• WHAT THE TASK ASKS
Every line of the data below must be given again exactly.

--- START ---

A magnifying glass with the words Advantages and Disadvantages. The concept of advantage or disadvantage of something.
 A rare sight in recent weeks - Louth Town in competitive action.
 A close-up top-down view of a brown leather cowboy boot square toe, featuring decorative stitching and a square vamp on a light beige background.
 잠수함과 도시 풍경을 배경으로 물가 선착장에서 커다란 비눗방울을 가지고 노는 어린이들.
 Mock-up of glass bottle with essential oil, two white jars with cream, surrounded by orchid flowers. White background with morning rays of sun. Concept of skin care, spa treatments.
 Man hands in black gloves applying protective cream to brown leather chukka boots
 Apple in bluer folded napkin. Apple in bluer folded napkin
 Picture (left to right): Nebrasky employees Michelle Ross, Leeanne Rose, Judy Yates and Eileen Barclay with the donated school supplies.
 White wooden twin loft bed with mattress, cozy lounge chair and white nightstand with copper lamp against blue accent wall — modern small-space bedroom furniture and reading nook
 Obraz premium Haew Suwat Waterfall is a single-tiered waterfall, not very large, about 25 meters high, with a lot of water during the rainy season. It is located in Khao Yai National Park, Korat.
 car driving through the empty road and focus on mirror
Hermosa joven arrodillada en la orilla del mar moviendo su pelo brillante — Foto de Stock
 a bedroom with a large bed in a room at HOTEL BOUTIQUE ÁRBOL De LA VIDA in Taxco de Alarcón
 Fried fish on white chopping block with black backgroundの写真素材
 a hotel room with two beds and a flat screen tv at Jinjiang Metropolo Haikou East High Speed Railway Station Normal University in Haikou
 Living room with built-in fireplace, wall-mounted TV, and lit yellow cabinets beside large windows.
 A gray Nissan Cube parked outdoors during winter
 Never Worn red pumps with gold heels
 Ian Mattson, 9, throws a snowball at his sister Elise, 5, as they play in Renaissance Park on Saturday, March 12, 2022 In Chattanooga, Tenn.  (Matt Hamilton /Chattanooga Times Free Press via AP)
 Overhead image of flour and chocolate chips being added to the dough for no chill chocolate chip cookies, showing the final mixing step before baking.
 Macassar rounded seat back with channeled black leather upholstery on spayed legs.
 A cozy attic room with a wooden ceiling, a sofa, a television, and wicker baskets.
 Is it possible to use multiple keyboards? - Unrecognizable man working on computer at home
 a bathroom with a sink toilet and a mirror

--- END ---

• TASK RESULT
A magnifying glass with the words Advantages and Disadvantages. The concept of advantage or disadvantage of something.
 A rare sight in recent weeks - Louth Town in competitive action.
 A close-up top-down view of a brown leather cowboy boot square toe, featuring decorative stitching and a square vamp on a light beige background.
 잠수함과 도시 풍경을 배경으로 물가 선착장에서 커다란 비눗방울을 가지고 노는 어린이들.
 Mock-up of glass bottle with essential oil, two white jars with cream, surrounded by orchid flowers. White background with morning rays of sun. Concept of skin care, spa treatments.
 Man hands in black gloves applying protective cream to brown leather chukka boots
 Apple in bluer folded napkin. Apple in bluer folded napkin
 Picture (left to right): Nebrasky employees Michelle Ross, Leeanne Rose, Judy Yates and Eileen Barclay with the donated school supplies.
 White wooden twin loft bed with mattress, cozy lounge chair and white nightstand with copper lamp against blue accent wall — modern small-space bedroom furniture and reading nook
 Obraz premium Haew Suwat Waterfall is a single-tiered waterfall, not very large, about 25 meters high, with a lot of water during the rainy season. It is located in Khao Yai National Park, Korat.
 car driving through the empty road and focus on mirror
Hermosa joven arrodillada en la orilla del mar moviendo su pelo brillante — Foto de Stock
 a bedroom with a large bed in a room at HOTEL BOUTIQUE ÁRBOL De LA VIDA in Taxco de Alarcón
 Fried fish on white chopping block with black backgroundの写真素材
 a hotel room with two beds and a flat screen tv at Jinjiang Metropolo Haikou East High Speed Railway Station Normal University in Haikou
 Living room with built-in fireplace, wall-mounted TV, and lit yellow cabinets beside large windows.
 A gray Nissan Cube parked outdoors during winter
 Never Worn red pumps with gold heels
 Ian Mattson, 9, throws a snowball at his sister Elise, 5, as they play in Renaissance Park on Saturday, March 12, 2022 In Chattanooga, Tenn.  (Matt Hamilton /Chattanooga Times Free Press via AP)
 Overhead image of flour and chocolate chips being added to the dough for no chill chocolate chip cookies, showing the final mixing step before baking.
 Macassar rounded seat back with channeled black leather upholstery on spayed legs.
 A cozy attic room with a wooden ceiling, a sofa, a television, and wicker baskets.
 Is it possible to use multiple keyboards? - Unrecognizable man working on computer at home
 a bathroom with a sink toilet and a mirror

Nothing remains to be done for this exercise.